Lockport supervisor, board seats up

BY JOE OLENICK joe.olenick@lockportjournal.com
Lockport Union-Sun & Journal

Lockport Union-Sun & Journal — The incumbents cite their accomplishments while the challengers question how they reached them.

Tuesday’s primary features two challenges on the Lockport Town Board, one for the supervisor post and one for a pair of board seats.

Supervisor Marc R. Smith will face a challenge on the Conservative line from auto shop owner David J. Mongielo. Republican voters will choose two Town Board members from incumbents Mark Crocker and Patricia Dufour and resident Paul Black.

Smith and Mongielo are certainly familiar with each other. Smith defeated Mongielo in a 2009 supervisor election and since then the two have had clashes at previous Town Board meetings. Mongielo is also dealing with legal challenges involving the electronic sign in front of his Robinson Road shop.

The endorsed Conservative candidate, Smith said the numbers speak for themselves. Ten years of balanced budgets, 85 new businesses, the addition of 323 jobs, three parks and all with no general town tax. That’s while dealing with increases in pensions and health insurance.

“I’m the best Conservative candidate,” Smith said.

An audit by the town’s accounting firm, Lumsden & McCormick, released over the summer, shows that as of Dec. 31, the town had more than $8.5 million in its fund balances, or more than two-thirds of the $12.6 million in total expenses the town incurred in 2012. The surplus grew by $1.3 million in 2012, after going up by about $300,000 in 2011.

“The Town Board works very hard,” Smith said. “We focus on keeping fees down... sales tax is a big source of revenue for the town.”

In Smith’s 10 years on the Town Board, the average household has seen $117 savings in town fees.

But, Mongielo has issues with both the surplus and the number of new businesses. Those new businesses include Yahoo, one of the companies that benefited from tax breaks from the town’s Industrial Development Agency, which Mongielo refers to as “corporate welfare.”
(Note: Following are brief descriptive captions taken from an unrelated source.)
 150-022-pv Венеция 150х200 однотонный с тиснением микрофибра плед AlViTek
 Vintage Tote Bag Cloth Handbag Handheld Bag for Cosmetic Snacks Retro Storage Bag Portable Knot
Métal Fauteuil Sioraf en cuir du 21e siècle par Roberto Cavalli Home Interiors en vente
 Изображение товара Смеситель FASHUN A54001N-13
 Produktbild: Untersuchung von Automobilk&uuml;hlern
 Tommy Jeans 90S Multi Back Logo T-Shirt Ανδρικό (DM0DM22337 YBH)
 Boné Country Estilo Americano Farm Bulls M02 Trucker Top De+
“We’re hurt by this,” Mongielo said. “The help should go to everybody. They’ve given away so much money, that they could’ve given tax breaks to homeowners for three years.”
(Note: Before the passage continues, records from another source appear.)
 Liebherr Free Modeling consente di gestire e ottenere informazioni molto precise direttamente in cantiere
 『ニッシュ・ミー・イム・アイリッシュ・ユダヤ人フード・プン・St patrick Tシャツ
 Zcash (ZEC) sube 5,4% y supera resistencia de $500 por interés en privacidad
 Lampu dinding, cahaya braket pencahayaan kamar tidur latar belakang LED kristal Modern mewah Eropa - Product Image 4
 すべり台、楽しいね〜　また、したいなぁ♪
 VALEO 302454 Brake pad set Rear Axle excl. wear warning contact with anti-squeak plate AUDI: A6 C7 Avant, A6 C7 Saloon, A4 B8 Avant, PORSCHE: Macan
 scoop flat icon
And the surplus should go back to the taxpayers, Mongielo said. He has the endorsements of Taxed Enough Already and Carl Paladino, a Buffalo School Board member and GOP candidate for governor in 2010.


Crocker has spent eight years on the Town Board, while Dufour was appointed to the board in January following the passing of Paul H. Pettit. But, with 35 years of business experience, Dufour said she hopes to bring that financial know-how to Dysinger Road.

“One of the things we hear when we’re out is that people want to see new businesses,” Dufour said. “There’s been growth. Our goal is to continue that growth.”

Black, who repairs industrial machinery for Syracuse Supply, is a frequent speaker at board meetings. Not only is Black a candidate, but he has submitted a pair of referendums for voters to consider in November. One would break the town into four wards and the other would bring changes to how board meetings are held, namely doing away with afternoon work sessions and delaying votes when there is public objection.

Black said he is trying to change the culture of the board and improve communication between officials and the public. 

“I see a board that has become distant and disconnected from the people,” Black said. “They’ve lost touch.”

A retired Air Force lieutenant colonel, Crocker disagrees. Each member of the Town Board has their home number and email address in the town newsletter and on the website. Often members handle resident concerns one-on-one, such as Crocker did with homeowners and the recent changes in the FEMA floodplain map.

And each Town Board members hears from residents, Crocker said.

“We get very positive feedback, most feel we’re doing a good job,” he said.

Smith, Dufour and Crocker are against the referendums. The ward system would reduce residents’ representation, the incumbents say, by giving each resident only two representatives — their ward representative and the supervisor — down from five. Board members are available, the three say.

“You can always find a sympathetic ear on the board,” Smith said. “You limit yourself under a ward system.” 

Black said under a ward system, the representative elected would have to live within that ward. It would make that representative accountable to their neighbors. Mongielo agrees with the idea, as he passed around a similar petition a few years ago.

Wards would act as a sort of term limit for elected officials, Mongielo said. People Mongielo have spoken with have issues with the board and with how the minor party endorsement process is handled, he said.

But wards could be divisive, stopping the town from working as a whole, Crocker said.

As for the meeting changes, Smith said all of the meetings are open to the public. And the Town Board has made decisions to not move forward with legislation when there is public objection, such as the wood burning stove ordinance a few years ago, Crocker said.